Im Leben ist Vielfalt für Alain Caparros mit Charaktereigenschaften wie Humor, Menschenkenntnis, Intuition und situativer Intelligenz verbunden. Attitüden französischer Manager, die offen zur Schau getragene Nichtachtung der Gesprächspartner durch Zuspätkommen, nebenher geführte Handytelefonate oder ständiges Abschweifen von der Tagesordnung empfindet er als störend.

Zu seinem Führungsprinzip gehört auch, dass sein Büro stets offen ist: Jeder kann mit seinem Anliegen zu ihm kommen. Von Bewerbern fordert er, ihre Motivation für den Job authentisch zu begründen und auch außerhalb ihres Berufslebens ein glaubwürdiges Engagement für ein soziales, ökologisches oder kulturelles Anliegen nachzuweisen. Er möchte, dass sie in der Lage sind, mutig über den Tellerrand ihrer Karriere zu blicken. Die Fähigkeit, Komplexität zu bewältigen, indem sie weitestgehend reduziert wird, ist aus seiner Sicht die entscheidende Qualifikation der Zukunft. (Wirtschaftswoche, 5.1.2015)

Begegnungen mit Profilneurotikern verärgern ihn. Er ist für klare Verhältnisse und mag es nicht, wenn um den heißen Brei geredet wird. Er diskutiert und streitet, ist aber nicht nachtragend. Und er ist unkonventionell: So legt er bei seinen Reden häufig das Manuskript beiseite und spricht davon, dass sich jeder Mitarbeiter für mehr Nachhaltigkeit einsetzen sollte. Denn eine Vision von ihm ist, dass die fast 400.000 Mitarbeiter eines Tages den Job bei REWE nicht mehr nur als Lebensunterhalt sehen, sondern als Engagement für Nachhaltigkeit.
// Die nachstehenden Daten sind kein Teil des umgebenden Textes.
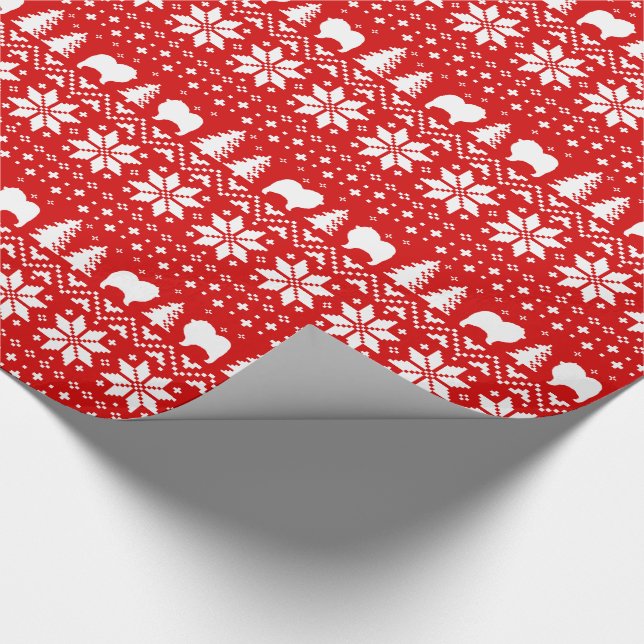 Keeshond Silhouettes Christmas Sweater Pattern Red Wrapping Paper (Corner)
Die Zukunft der Lebensmittelbranche

Die Zukunftsfähigkeit und Wettbewerbsfähigkeit der Lebensmittelbranche entscheidet sich für Caparros am Thema Nachhaltigkeit. Dazu gehört seine Überzeugung, dass nachhaltige Produkte einen Platz in der Vielfalt des Angebots haben werden, „den sie heute noch nicht haben.“ Nachhaltigkeit ist für ihn kein Trend und auch keine Marketingstrategie, sondern eine langfristig wirkende, erlebbare Haltung des Unternehmens. Wenn sich Unternehmen heute nicht mit Nachhaltigkeit befassen, dann katapultieren sie sich seiner Meinung nach langfristig selbst aus dem Markt.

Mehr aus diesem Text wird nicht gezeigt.